- Opening Delimiter -
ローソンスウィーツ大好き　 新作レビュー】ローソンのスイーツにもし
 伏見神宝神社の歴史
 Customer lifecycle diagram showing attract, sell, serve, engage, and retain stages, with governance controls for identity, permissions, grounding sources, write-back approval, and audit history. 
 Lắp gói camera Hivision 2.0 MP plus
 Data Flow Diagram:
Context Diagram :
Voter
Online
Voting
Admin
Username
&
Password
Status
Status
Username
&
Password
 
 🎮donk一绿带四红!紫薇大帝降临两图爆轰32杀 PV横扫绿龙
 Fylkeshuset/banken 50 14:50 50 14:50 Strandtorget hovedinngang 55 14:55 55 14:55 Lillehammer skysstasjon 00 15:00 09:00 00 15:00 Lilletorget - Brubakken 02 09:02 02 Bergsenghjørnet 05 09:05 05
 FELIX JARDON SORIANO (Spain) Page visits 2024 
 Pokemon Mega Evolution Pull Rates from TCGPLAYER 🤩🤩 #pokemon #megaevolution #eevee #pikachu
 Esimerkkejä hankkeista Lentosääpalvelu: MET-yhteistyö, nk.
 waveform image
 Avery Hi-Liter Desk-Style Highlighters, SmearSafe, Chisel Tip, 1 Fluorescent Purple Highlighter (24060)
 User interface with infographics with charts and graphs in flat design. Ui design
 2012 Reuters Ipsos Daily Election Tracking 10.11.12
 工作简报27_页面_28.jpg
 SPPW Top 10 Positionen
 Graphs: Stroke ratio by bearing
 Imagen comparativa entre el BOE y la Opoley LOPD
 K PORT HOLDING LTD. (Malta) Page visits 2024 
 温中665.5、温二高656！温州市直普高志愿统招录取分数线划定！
- Closing Delimiter -
- _Activity_
Pull every line holding "visits" out of the records.

- _Response_
 FELIX JARDON SORIANO (Spain) Page visits 2024 
 K PORT HOLDING LTD. (Malta) Page visits 2024 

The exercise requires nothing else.